— Task —
Return each line below exactly as it reads, and omit any image in it.

— Material for the task —
*-*-*
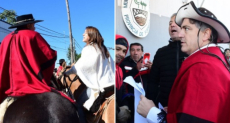 Casi a los rebencazos: Brignole salió al cruce de Villaggi y Paoltroni que están recorriendo El Colorado a caballo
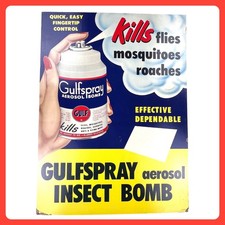 1950s Gulf Gulfspray Insect Bomb Vintage Advertising 29
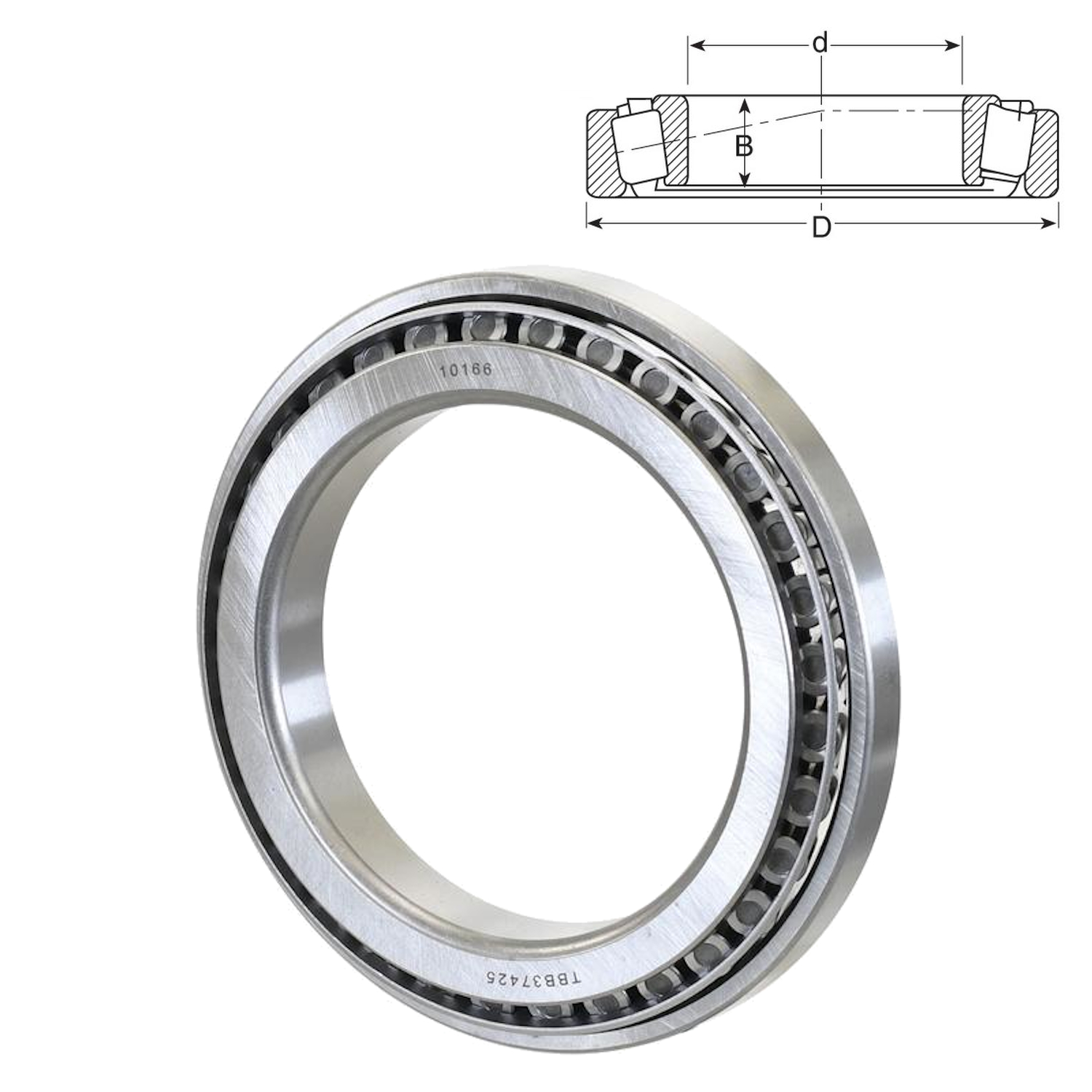Differential Lager rechts MF35 135
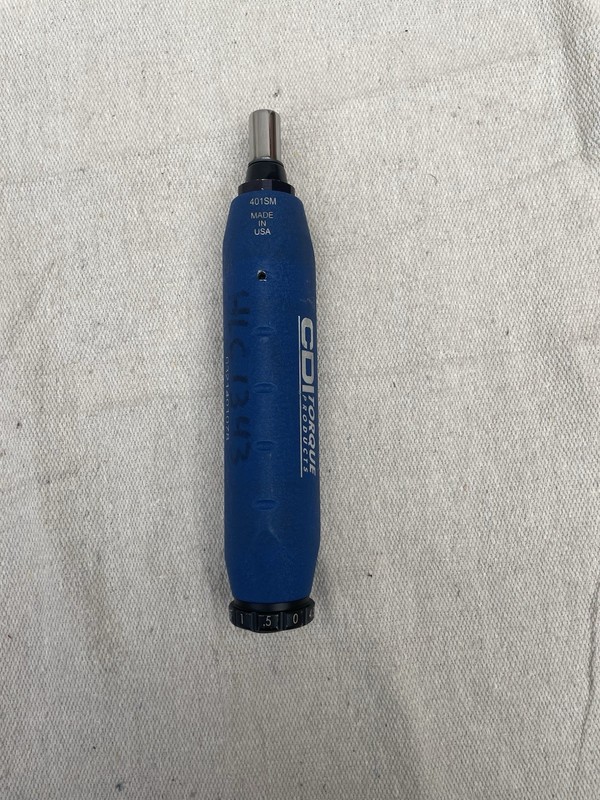 CDI MICRO ADJUSTABLE SCREWDRIVER 401SM RANGE 5-40 INCH POUNDS 1/4 INCH gallery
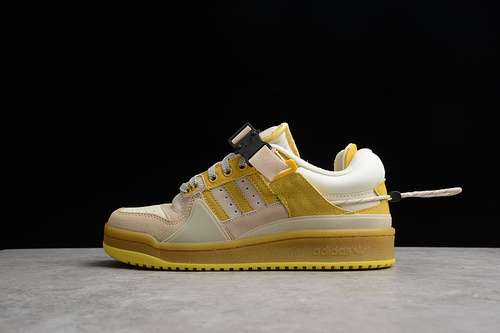 300GW0266BAD BUNNY X FORUM LOW SHOES BEIGEGOLDYELLOWWOMAN3639MAN4044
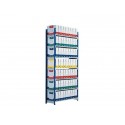 Modulo aggiunta scaffalatura Paperflow RANG'ECO regolabile 125x34x200 cm blu - K607131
*-*-*
— Exercise solution —
 Casi a los rebencazos: Brignole salió al cruce de Villaggi y Paoltroni que están recorriendo El Colorado a caballo
 1950s Gulf Gulfspray Insect Bomb Vintage Advertising 29
Differential Lager rechts MF35 135
 CDI MICRO ADJUSTABLE SCREWDRIVER 401SM RANGE 5-40 INCH POUNDS 1/4 INCH gallery
 300GW0266BAD BUNNY X FORUM LOW SHOES BEIGEGOLDYELLOWWOMAN3639MAN4044
 Modulo aggiunta scaffalatura Paperflow RANG'ECO regolabile 125x34x200 cm blu - K607131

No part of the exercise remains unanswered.